We were all amateurs at one point in our lives. Have some respect for the newbies – they’ve got a long ways to go. Here are some tips and tricks to help get you there:
- Never be afraid of harming your turntable. It’s a natural inclination for beginners to be too gentle with their equipment. While this is fair, because DJ equipment is expensive, it’s actually fairly difficult to damage DJ equipment.
- Get a direct drive turntable, as opposed to a belt drive. Trust me.
- If you buy a cheap mixer, you may hear a ‘buzz’ sound come out of the mixer, especially when it’s turned up really loud. You get what you pay for.
- Nothing sounds worse than playing 2 tracks simultaneously with the bass way up. Avoid this.
- If you’re learning to mix at home, regular home theater or computer speakers will often be fine. As long as they’re fairly high quality and have some nice, rumbly bass to them.
- Choose headphones that are flexible and strong. You’ll be thankful in the long run.
- Cheap decks don’t always hold the pitch perfectly. Again, you get what you pay for.

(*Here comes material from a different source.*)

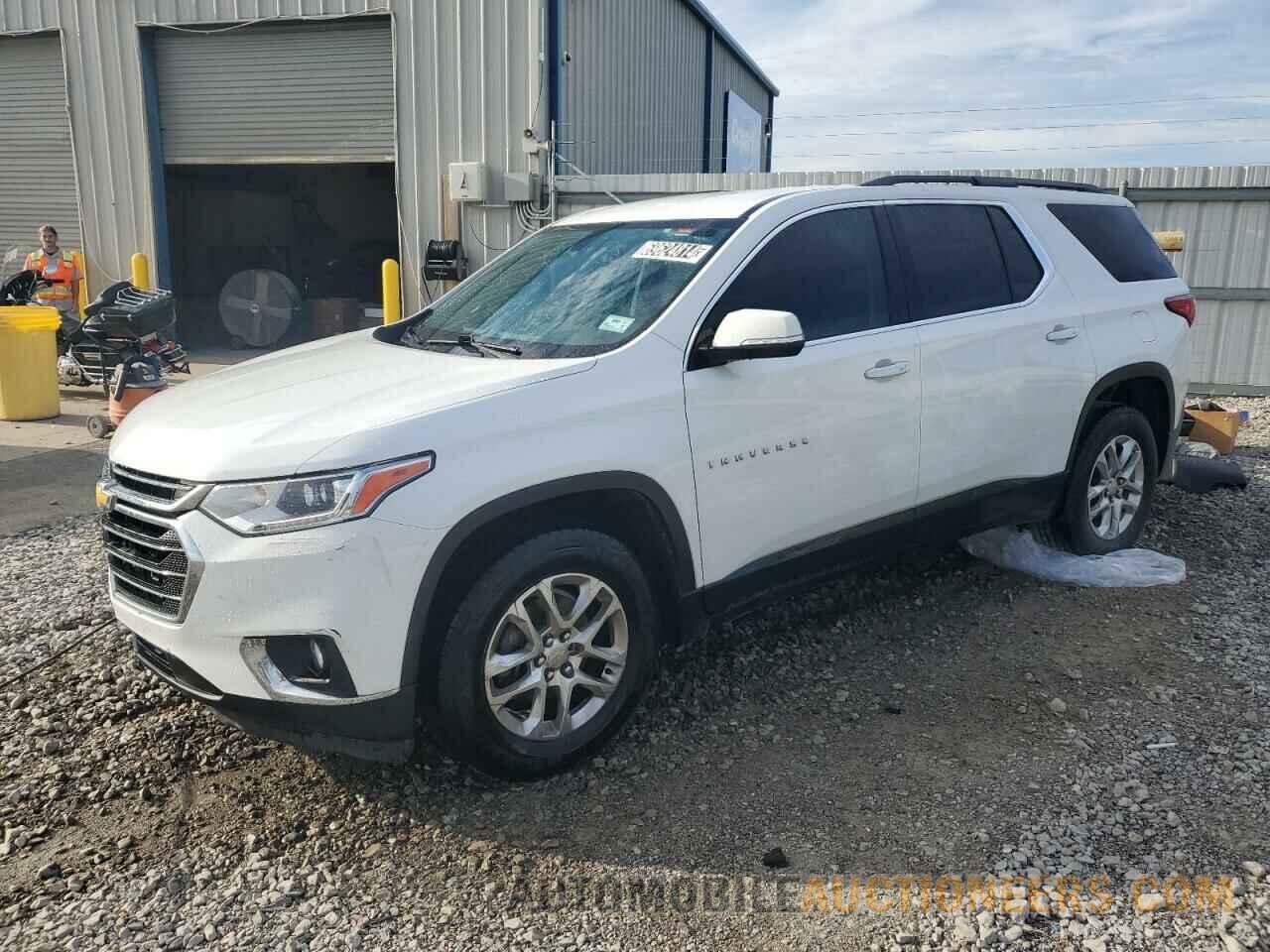 1GNERGKW5LJ121179 CHEVROLET TRAVERSE 2020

- Don’t be afraid to mix it up. Experiment with bar timings and avoid the 16 bar outro/intro trap. It becomes really predictable. Some sharp transitions will have your audience bumping.

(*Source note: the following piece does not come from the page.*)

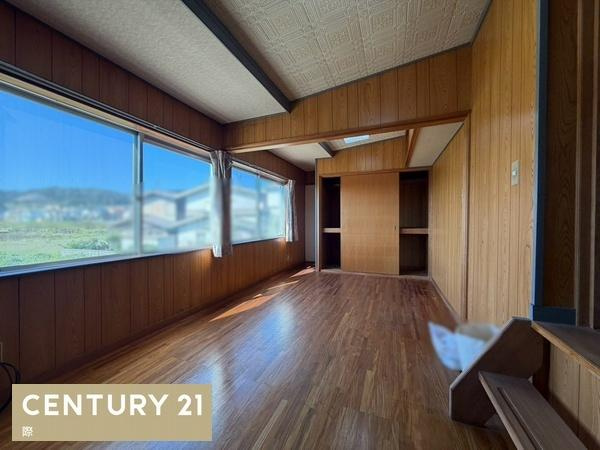 和歌山市木ノ本　中古戸建の洋室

Every DJ has their own unique style. There is no ‘correct’ way to spin a track, nor is there a wrong way. If it works for you, then carry on.
However, there are certain methods that every DJ should know. Here are some of the best tips and tricks for intermediate DJs:
- This one is obvious for some people, but trying to mix and match the beats of old songs is incredibly frustrating. Technology was different back then; don’t hurt yourself trying to put a song where it doesn’t belong. That being said, Kayne West does one hell of a good job fitting random old beats into his mixes.
- To alter the number of high frequencies that are coming through the mixer, use the hi frequency band. This controls the hi-hates, cymbals, and percussion (as opposed to the mid range – vocals and low range – drum and bass)
- Always try to match the last beat of the intro of one song with the last beat of the outro of the other. This takes some talent and timing. However, since many modern songs have 4 beats a bar and 16 bar intros and outros, it can often make you life easier. Be sure to stream song 2 into your headphones to make sure its matching properly before you send it out to the crowd.
- Consider investing in a slipmat, which are felt pads that slip under your turntable. This will allow the turntable to continue turning while the DJ holds the record.